Of course, I was always complimented on my independence. How great it was that I could travel the world, live abroad and ‘always land on my feet.’ But behind closed doors, it wasn’t always so easy. The architecture in Budapest was beautiful, but it didn’t mean anything when I had to suddenly leave my apartment because I could feel my housemate becoming violent. The sunny days in Spain were marvellous, but they didn’t feed me when my bank account was frozen for a week, or house me when my lease was up and I hadn’t yet found a new apartment to move into. Similarly in Toulouse, the French patisserie is to die for, but when the only voice I’ve heard that day is my own and my Google Home’s, a croissant au beurre becomes a whole lot less exciting.  
However, despite the challenges, throughout my time living abroad, I have always managed to find great people, lovely kind people, who take care of me and help me out. I try to see this as one of my strengths, my ability to build a community and support system no matter where I am in the world.
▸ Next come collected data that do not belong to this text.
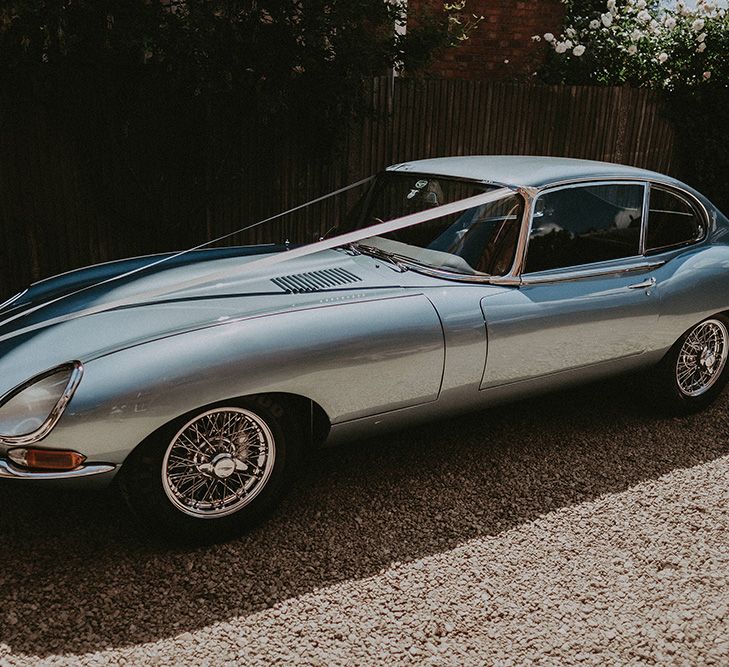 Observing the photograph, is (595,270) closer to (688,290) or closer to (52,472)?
(688,290)

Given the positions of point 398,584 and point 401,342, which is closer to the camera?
point 398,584

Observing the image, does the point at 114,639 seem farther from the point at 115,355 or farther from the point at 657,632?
the point at 657,632

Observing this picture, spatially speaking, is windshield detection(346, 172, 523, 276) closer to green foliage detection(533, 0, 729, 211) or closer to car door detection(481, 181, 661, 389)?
car door detection(481, 181, 661, 389)

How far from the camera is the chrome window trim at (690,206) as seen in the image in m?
3.98

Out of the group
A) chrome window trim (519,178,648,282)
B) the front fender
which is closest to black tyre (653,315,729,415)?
chrome window trim (519,178,648,282)

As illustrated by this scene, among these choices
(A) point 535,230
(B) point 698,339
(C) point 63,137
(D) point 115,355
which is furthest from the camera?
(C) point 63,137

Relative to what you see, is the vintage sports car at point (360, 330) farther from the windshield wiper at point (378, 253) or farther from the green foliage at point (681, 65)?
the green foliage at point (681, 65)

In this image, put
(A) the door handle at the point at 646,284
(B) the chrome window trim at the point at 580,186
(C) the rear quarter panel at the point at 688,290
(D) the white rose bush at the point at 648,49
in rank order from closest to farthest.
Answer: (B) the chrome window trim at the point at 580,186, (A) the door handle at the point at 646,284, (C) the rear quarter panel at the point at 688,290, (D) the white rose bush at the point at 648,49

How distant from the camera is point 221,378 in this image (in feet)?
8.56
In Budapest, I met two friends who loved and supported me through a break-up after a long term relationship and who invited me to stay with them in Spain while I cleared my head. When I officially moved to Spain, my boss couldn’t do enough to ensure I felt at home. I remember arriving into Alicante airport and seeing her waiting for me at the arrivals. She helped me set up a bank account, see a doctor when I needed and hugged me when I cried about missing one of my sister’s football finals. On the weekends, I tutored for a girl whose parents saw my Facebook post searching for more work, and consequently decided to pay me more as well as giving me whatever miscellaneous groceries they had ‘accidentally’ bought but wouldn’t use.
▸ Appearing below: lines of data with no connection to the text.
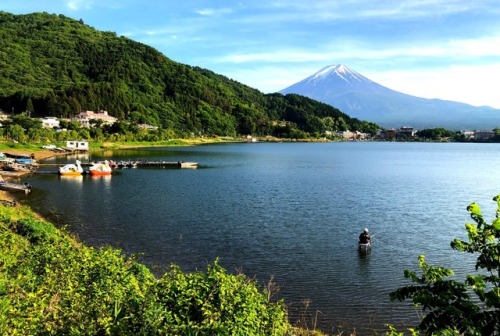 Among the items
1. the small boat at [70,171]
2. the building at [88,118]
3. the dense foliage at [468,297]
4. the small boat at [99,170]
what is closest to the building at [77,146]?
the building at [88,118]

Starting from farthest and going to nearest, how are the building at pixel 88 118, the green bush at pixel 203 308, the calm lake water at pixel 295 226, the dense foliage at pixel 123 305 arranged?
1. the building at pixel 88 118
2. the calm lake water at pixel 295 226
3. the dense foliage at pixel 123 305
4. the green bush at pixel 203 308

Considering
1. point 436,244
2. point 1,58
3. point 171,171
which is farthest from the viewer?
point 1,58

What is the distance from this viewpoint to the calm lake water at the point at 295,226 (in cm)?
1769

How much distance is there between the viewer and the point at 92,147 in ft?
349

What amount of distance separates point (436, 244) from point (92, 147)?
96.0 meters

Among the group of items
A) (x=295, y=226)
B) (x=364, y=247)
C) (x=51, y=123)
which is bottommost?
(x=295, y=226)

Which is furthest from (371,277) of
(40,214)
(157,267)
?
(40,214)

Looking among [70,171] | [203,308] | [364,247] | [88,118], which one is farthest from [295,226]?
[88,118]

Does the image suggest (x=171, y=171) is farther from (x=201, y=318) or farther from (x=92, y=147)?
(x=201, y=318)

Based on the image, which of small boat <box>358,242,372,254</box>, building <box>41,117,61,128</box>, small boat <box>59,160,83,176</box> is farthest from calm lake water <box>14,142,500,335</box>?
building <box>41,117,61,128</box>

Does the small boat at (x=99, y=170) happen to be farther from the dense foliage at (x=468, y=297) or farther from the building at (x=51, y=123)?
the building at (x=51, y=123)

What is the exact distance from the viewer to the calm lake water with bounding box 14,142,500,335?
17.7 m

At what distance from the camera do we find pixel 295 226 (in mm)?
29469

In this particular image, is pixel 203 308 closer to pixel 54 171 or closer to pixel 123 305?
pixel 123 305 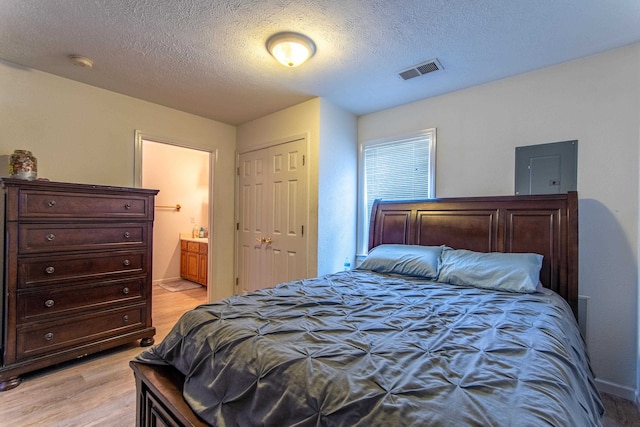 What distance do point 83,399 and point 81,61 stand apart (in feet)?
8.20

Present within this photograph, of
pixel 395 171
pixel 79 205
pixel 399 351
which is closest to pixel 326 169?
pixel 395 171

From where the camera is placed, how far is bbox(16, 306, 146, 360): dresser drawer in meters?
2.21

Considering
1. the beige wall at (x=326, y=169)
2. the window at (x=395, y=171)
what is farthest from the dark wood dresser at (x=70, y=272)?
the window at (x=395, y=171)

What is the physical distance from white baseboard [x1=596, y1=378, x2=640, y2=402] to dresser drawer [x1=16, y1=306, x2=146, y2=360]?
3.81 m

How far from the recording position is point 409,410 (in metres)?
0.74

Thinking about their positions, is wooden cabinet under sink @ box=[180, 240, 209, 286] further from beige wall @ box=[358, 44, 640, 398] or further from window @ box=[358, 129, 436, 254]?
beige wall @ box=[358, 44, 640, 398]

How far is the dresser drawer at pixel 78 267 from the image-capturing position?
222cm

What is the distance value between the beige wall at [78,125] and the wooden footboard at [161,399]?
2.22 m

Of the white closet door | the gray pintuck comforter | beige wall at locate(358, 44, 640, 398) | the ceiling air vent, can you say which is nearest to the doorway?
the white closet door

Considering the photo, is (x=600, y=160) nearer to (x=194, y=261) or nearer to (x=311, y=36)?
(x=311, y=36)

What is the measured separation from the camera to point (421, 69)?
2.49 meters

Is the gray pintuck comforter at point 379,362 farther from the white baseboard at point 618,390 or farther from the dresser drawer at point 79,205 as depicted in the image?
the dresser drawer at point 79,205

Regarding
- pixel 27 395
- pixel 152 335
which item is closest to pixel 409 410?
pixel 27 395

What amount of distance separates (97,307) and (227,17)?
8.26ft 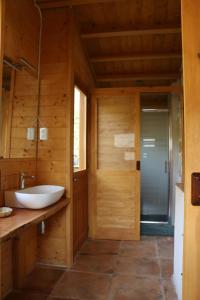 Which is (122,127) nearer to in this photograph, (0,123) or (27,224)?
(0,123)

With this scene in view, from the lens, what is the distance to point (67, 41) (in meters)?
2.88

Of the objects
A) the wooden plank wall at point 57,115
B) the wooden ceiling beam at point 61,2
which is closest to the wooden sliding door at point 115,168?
the wooden plank wall at point 57,115

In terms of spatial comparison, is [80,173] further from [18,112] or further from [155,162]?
[155,162]

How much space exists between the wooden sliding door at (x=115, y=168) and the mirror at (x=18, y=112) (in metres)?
1.19

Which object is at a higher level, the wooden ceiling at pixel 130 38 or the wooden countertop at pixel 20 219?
the wooden ceiling at pixel 130 38

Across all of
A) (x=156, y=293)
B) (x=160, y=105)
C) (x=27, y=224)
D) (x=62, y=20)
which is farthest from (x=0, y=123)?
(x=160, y=105)

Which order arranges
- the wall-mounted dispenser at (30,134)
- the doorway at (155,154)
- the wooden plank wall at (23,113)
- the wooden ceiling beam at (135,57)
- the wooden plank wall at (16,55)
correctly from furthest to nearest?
the doorway at (155,154) < the wooden ceiling beam at (135,57) < the wall-mounted dispenser at (30,134) < the wooden plank wall at (23,113) < the wooden plank wall at (16,55)

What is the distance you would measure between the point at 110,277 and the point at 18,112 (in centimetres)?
192

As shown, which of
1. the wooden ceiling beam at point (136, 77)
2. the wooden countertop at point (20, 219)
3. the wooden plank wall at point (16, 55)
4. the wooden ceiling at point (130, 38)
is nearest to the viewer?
the wooden countertop at point (20, 219)

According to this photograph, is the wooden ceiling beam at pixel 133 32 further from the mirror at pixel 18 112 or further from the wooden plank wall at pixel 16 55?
the mirror at pixel 18 112

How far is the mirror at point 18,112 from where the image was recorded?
2.30 meters

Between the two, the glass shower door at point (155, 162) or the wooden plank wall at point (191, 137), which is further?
the glass shower door at point (155, 162)

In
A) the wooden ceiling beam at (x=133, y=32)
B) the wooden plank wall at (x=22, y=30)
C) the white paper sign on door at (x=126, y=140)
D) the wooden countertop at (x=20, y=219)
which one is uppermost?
the wooden ceiling beam at (x=133, y=32)

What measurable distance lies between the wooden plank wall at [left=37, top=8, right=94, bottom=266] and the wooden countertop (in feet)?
1.69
Here, in Toulouse, there are no words to accurately describe the amount of kind-hearted and generous people I am surrounded by. My friends, who I am so lucky to have met, who let me rattle on and on about my problems. I’ve met people who have dropped everything to hoist me back up in my times of need, who have gone great lengths to help me keep my head above water. I finally feel heard, and that I don’t have to do everything on my own. It feels like a new beginning for me. That I’m beginning a different life, one where I listen to myself and my intuition. A life where I put myself first.  
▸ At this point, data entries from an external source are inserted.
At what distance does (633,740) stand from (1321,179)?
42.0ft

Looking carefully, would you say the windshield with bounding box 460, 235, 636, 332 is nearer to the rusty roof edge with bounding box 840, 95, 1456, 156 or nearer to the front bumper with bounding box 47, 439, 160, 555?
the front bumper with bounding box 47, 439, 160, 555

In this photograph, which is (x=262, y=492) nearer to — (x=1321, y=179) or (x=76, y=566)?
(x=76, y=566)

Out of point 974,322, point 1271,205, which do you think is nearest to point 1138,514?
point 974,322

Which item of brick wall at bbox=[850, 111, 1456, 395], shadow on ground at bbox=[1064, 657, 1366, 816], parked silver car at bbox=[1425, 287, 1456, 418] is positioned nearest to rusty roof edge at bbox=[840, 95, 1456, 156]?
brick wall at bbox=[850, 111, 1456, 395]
During this period of my life, I have leaned on art, literature and quotes to get through difficult moments. One that has come to mind more often than not is an old Irish proverb, or a ‘seanfhocal,’ which says: ‘Ar a scáth a chéile a mhaireann na daoine.’ This translates to, ‘It is in the shadow of each other that the people survive,’ meaning that we are shielded from the sun by each other, that we need other people for shelter, and to survive. I know that this is a message that I need to repeat to myself when things aren’t going so well. That it’s normal that I can’t handle everything by myself. That there isn’t one person on this earth that can handle everything themselves. That I would never expect from another person what I expect from myself. I’m only human and it is human nature to need other people.
Another quote that I have been repeating to myself is, ‘Nothing changes if nothing changes.’ If I continue to do what I have been doing my whole life and expecting something to change, I will be sorely disappointed. Apparently, the definition of insanity is doing the same thing over and over and expecting different results. I’ve been trying to do everything by myself and I have been struggling for years, therefore it’s clear that this method doesn’t work. It’s time to change my approach and accept a helping hand from others. Nothing will change if nothing changes.